The Higbees say children like Harlow need the FDA to take action quickly.

“We’re just asking for them to look at rare disease differently. We can’t go back to the drawing board. We can’t have another clinical trial. We don’t have millions of dollars to come up with a whole another trial. We don’t have time. Our kids don’t have time, unfortunately.”

According to government statistics, only about 5% of nearly 10,000 identified rare diseases have FDA-approved treatments.

“As any parent knows, when there is something wrong with your child, you would move heaven and earth to get answers and provide them with the care they need,” U.S. Congressman John Rutherford said. “My office has been in contact with the Higbee family and Soal Therapeutics about the FDA’s complete response letter for dichloroacetate to treat PDCD. I look forward to working with them to promote compassion and regulatory flexibility at the FDA.”

Saol Therapeutics says it does not plan to conduct another clinical trial at this time. It plans to file a request with the FDA for a meeting, during which the company says it will present “strong data” the FDA has not seen yet. In the meantime, patients’ access to DCA will continue through the ongoing open-label extension and the expanded access program.

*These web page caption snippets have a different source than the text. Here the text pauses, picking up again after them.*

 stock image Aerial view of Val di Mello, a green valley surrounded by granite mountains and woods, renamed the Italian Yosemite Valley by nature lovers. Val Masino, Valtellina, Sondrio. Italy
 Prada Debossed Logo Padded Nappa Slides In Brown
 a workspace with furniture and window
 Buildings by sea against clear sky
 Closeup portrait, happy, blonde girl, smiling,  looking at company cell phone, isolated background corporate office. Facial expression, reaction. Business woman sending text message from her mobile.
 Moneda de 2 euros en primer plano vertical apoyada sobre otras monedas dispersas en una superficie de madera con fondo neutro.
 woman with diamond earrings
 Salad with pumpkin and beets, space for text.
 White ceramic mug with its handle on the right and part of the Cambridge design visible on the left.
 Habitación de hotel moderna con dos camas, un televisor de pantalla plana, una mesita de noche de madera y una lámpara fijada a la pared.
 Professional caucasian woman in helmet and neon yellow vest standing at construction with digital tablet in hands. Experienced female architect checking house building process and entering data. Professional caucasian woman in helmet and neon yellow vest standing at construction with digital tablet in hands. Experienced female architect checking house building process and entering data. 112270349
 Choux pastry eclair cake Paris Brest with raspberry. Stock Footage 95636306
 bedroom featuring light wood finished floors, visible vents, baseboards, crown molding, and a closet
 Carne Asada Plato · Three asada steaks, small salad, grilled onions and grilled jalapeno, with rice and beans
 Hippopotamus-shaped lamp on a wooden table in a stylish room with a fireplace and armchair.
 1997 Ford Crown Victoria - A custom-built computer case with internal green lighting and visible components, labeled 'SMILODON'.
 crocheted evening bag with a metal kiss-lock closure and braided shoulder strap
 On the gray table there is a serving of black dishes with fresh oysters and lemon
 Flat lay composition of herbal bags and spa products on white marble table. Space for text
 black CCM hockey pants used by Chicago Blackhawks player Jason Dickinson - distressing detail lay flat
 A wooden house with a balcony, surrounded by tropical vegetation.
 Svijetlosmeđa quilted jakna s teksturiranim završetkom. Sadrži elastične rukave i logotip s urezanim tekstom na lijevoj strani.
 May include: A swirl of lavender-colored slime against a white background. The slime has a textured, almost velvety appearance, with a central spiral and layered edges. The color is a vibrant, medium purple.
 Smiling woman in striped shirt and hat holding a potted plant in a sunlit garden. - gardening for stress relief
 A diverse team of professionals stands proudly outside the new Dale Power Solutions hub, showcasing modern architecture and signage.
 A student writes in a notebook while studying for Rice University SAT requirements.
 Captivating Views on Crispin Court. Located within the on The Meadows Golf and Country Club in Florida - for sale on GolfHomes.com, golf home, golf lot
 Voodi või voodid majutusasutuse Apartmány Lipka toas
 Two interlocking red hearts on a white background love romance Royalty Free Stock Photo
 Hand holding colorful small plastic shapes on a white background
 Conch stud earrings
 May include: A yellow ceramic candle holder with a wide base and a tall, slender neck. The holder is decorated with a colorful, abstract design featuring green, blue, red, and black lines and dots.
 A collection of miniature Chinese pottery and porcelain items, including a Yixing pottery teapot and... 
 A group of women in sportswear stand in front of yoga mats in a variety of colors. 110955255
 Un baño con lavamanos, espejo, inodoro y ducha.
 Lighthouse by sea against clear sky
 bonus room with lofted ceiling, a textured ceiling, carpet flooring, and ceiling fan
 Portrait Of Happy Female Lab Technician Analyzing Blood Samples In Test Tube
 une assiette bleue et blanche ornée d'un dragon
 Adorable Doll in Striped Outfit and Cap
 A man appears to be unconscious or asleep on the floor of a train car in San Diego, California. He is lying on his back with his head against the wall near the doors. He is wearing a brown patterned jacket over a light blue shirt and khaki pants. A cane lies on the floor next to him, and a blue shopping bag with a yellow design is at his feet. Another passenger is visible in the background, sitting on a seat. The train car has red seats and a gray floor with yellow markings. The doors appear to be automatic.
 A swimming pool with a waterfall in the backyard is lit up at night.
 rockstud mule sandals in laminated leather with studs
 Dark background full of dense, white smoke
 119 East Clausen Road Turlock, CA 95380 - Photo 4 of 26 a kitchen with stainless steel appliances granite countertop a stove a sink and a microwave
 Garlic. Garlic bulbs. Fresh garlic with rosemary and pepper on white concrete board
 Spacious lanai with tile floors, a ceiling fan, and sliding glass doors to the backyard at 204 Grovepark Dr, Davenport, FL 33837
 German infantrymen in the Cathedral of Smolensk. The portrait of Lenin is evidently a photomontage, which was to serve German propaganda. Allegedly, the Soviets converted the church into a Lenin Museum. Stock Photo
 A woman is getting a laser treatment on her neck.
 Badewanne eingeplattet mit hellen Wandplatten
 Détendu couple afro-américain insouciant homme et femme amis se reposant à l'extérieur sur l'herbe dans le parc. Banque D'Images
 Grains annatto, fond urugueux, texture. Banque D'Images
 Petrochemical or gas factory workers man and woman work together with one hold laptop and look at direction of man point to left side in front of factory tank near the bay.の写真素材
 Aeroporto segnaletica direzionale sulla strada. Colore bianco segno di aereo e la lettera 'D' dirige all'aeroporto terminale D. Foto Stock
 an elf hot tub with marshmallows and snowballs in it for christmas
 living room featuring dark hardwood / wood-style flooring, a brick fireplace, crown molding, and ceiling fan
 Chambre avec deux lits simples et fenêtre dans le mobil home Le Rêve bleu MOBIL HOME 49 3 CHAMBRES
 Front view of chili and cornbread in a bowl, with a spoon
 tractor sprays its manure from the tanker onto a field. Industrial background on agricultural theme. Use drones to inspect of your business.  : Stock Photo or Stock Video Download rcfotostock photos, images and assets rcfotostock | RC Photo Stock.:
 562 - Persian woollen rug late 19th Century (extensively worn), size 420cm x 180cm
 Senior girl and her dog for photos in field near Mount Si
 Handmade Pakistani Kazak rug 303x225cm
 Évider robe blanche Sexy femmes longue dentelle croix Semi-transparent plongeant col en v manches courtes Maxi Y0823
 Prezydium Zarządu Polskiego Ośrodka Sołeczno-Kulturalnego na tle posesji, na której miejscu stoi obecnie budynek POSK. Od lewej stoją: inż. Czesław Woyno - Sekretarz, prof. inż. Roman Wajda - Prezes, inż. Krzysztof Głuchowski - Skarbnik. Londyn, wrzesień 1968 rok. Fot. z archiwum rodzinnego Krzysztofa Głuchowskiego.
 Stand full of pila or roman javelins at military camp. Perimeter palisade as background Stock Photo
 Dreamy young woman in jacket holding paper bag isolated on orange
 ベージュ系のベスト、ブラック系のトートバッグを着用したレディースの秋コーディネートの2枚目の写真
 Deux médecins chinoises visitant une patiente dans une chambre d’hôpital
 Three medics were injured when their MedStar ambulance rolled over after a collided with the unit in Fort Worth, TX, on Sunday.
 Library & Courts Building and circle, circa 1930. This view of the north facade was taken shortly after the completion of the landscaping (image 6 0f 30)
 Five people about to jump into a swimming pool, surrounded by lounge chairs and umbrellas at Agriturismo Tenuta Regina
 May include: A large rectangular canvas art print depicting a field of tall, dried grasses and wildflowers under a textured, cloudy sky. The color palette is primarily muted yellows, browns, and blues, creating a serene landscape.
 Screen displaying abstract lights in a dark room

Saol Therapeutics’ Full Statement

“Saol Therapeutics has received a Complete Response Letter (CRL) from the FDA for its NDA for SL1009 (sodium dichloroacetate, or DCA). We are working toward a meeting with the Agency in the coming weeks to address the feedback outlined in that letter, which primarily centers on the quantity and type of clinical evidence available for such a small patient population. The existing data supporting SL1009 is very strong, reflecting more than four years of clinical experience across two Phase III studies, an ongoing open-label extension, and survival analyses compared to natural history. In preparation for our meeting, we are compiling additional analyses of this data, and we do not plan to conduct another clinical trial at this time. As we work through next steps with the FDA, patient access to SL1009 will continue through both the ongoing open-label extension and the Expanded Access Program.”